[Dataset excerpts]

————

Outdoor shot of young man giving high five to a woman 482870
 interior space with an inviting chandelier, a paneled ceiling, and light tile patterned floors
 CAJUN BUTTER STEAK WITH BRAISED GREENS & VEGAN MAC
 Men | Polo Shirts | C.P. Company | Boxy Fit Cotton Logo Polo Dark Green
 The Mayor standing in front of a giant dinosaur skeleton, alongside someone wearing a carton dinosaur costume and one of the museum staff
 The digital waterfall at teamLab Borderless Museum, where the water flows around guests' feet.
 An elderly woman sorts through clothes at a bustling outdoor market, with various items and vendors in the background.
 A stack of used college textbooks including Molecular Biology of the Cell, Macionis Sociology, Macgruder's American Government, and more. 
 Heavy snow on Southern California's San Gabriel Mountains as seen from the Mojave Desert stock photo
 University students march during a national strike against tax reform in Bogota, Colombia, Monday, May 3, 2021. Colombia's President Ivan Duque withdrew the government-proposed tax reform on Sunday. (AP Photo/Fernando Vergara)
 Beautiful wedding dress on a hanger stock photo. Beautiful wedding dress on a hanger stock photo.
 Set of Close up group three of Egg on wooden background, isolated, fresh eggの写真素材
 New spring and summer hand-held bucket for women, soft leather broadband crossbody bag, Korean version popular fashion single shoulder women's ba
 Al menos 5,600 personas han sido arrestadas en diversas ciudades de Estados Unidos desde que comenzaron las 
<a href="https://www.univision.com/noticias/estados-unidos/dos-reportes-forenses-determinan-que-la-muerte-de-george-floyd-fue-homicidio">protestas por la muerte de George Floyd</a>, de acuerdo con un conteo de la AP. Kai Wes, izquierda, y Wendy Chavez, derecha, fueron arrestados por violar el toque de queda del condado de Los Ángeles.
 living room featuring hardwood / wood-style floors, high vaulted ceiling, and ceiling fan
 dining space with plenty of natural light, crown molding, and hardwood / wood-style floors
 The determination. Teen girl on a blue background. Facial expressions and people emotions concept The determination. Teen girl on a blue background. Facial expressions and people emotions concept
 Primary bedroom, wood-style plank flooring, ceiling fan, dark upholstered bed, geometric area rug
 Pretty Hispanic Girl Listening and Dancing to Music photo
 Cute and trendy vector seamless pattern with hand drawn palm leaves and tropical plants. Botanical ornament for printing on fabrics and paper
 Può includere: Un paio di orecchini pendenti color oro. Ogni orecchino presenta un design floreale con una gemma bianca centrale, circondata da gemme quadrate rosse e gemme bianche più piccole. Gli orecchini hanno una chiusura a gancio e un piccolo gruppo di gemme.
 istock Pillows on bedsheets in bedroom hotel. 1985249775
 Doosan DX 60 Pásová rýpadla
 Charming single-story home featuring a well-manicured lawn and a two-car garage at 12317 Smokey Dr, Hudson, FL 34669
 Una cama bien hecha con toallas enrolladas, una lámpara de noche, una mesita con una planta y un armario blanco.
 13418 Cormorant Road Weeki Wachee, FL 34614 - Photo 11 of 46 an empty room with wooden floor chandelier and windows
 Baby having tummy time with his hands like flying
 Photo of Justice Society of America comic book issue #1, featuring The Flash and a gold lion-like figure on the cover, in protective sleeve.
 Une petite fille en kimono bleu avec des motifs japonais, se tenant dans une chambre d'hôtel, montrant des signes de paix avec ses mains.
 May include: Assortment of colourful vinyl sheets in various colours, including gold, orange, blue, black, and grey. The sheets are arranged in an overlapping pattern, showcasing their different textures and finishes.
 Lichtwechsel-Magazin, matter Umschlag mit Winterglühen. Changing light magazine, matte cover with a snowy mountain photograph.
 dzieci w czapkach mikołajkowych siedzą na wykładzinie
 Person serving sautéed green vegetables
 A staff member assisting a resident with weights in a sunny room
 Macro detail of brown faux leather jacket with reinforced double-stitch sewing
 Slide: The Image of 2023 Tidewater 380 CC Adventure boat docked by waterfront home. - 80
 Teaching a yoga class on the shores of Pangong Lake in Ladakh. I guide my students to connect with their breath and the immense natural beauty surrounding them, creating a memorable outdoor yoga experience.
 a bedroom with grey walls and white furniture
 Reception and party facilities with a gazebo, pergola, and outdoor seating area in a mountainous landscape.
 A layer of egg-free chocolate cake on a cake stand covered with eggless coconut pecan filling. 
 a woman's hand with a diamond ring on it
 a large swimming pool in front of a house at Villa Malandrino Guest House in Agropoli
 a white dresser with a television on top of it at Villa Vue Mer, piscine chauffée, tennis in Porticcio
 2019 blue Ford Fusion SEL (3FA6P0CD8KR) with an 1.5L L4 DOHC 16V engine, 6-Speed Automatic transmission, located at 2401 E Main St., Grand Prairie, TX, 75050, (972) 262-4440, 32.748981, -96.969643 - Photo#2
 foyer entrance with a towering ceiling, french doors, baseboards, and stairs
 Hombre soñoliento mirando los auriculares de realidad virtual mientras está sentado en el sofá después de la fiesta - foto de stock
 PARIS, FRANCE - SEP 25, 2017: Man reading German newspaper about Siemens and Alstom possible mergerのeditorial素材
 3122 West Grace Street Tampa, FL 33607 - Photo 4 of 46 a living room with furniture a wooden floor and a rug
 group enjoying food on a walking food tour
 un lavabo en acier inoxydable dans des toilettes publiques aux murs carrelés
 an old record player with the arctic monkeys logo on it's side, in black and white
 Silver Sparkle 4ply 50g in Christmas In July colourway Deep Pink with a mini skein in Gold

————

Required work: Print the lines above from the one with "Al menos 5,600" through the one with "Doosan DX 60 Pásová rýpadla", both included, exactly as written and nothing more.

Answer to this task:
 Al menos 5,600 personas han sido arrestadas en diversas ciudades de Estados Unidos desde que comenzaron las 
<a href="https://www.univision.com/noticias/estados-unidos/dos-reportes-forenses-determinan-que-la-muerte-de-george-floyd-fue-homicidio">protestas por la muerte de George Floyd</a>, de acuerdo con un conteo de la AP. Kai Wes, izquierda, y Wendy Chavez, derecha, fueron arrestados por violar el toque de queda del condado de Los Ángeles.
 living room featuring hardwood / wood-style floors, high vaulted ceiling, and ceiling fan
 dining space with plenty of natural light, crown molding, and hardwood / wood-style floors
 The determination. Teen girl on a blue background. Facial expressions and people emotions concept The determination. Teen girl on a blue background. Facial expressions and people emotions concept
 Primary bedroom, wood-style plank flooring, ceiling fan, dark upholstered bed, geometric area rug
 Pretty Hispanic Girl Listening and Dancing to Music photo
 Cute and trendy vector seamless pattern with hand drawn palm leaves and tropical plants. Botanical ornament for printing on fabrics and paper
 Può includere: Un paio di orecchini pendenti color oro. Ogni orecchino presenta un design floreale con una gemma bianca centrale, circondata da gemme quadrate rosse e gemme bianche più piccole. Gli orecchini hanno una chiusura a gancio e un piccolo gruppo di gemme.
 istock Pillows on bedsheets in bedroom hotel. 1985249775
 Doosan DX 60 Pásová rýpadla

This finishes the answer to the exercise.